• 5 January 2017
    Axonics Sacral Neuromodulation System Receives Marketing Approval from Health Canada

    Axonics Modulation Technologies, Inc. announced today that it received a Homologation d’un instrument médical (medical device approval) for the first rechargeable Sacral Neuromodulation (r-SNMTM) System® to treat Overactive Bladder (OAB), Fecal Incontinence and Urinary Retention.

    The Health Canada license confirms that the Axonics® product meets all of the Canadian Medical Devices Regulations, Section 36, for Active Implantable Medical Devices and enables Axonics to market its r-SNM System throughout Canada.

    Axonics previously received ethics committee approval from the University of Toronto to treat patients in Canada as part of the Company’s post-market clinical follow-up study and anticipates treating patients in Canada in the first quarter of 2017.

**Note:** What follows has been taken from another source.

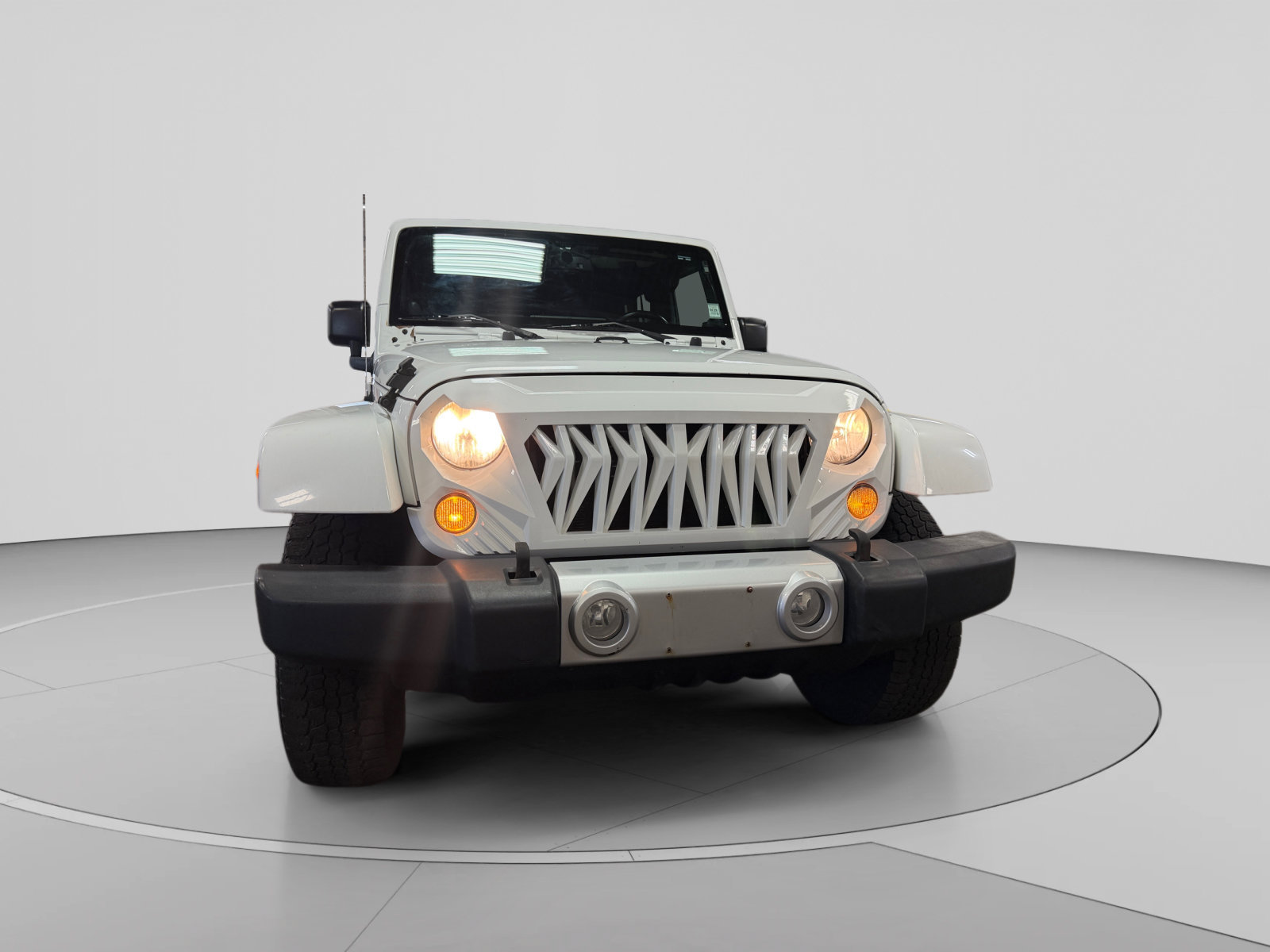 Used 2014 Jeep Wrangler Unlimited Sahara w/ Connectivity Group AWD/4WD image 39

    “The Health Canada approval provides Axonics with another important marketing approval. Along with our European CE mark, it gives us the ability to sell our r-SNM System in two large international territories. Additionally, we anticipate IDE clearance from the US FDA to treat patients in the US in the near term,” said Raymond W. Cohen, Axonics’ Chief Executive Officer. “To date, Axonics has implanted nearly 40 patients in Europe with excellent clinical results. These results confirm that our miniaturized implantable neurostimulator is meeting its promise to advance the state of the art for sacral neuromodulation and improve the quality of life of patients suffering from urinary and fecal dysfunction.”

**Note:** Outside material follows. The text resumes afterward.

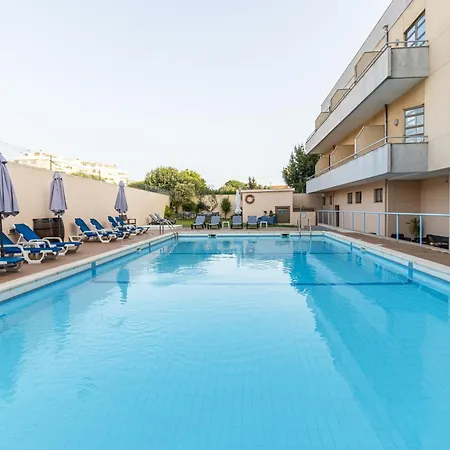 ホテル La Fontaine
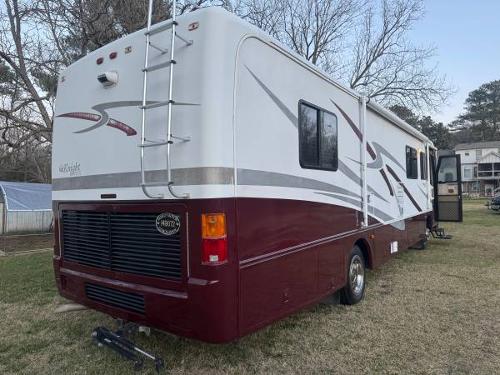Motor Home Listing: 2001 monaco roadmaster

    OAB affects an estimated 85 million adults in the US and Europe. Another 40 million are reported to suffer from fecal incontinence. SNM therapy is an effective and durable treatment that has been widely used and reimbursed in Europe and the US for the past two decades accounting for more than $600 million in revenue in 2016. Over 200,000 patients have benefited from the therapy to date. SNM is the only OAB treatment with proven clinical superiority to standard medical therapy and OAB patients who receive SNM report significantly higher quality of life than patients undergoing drug treatment.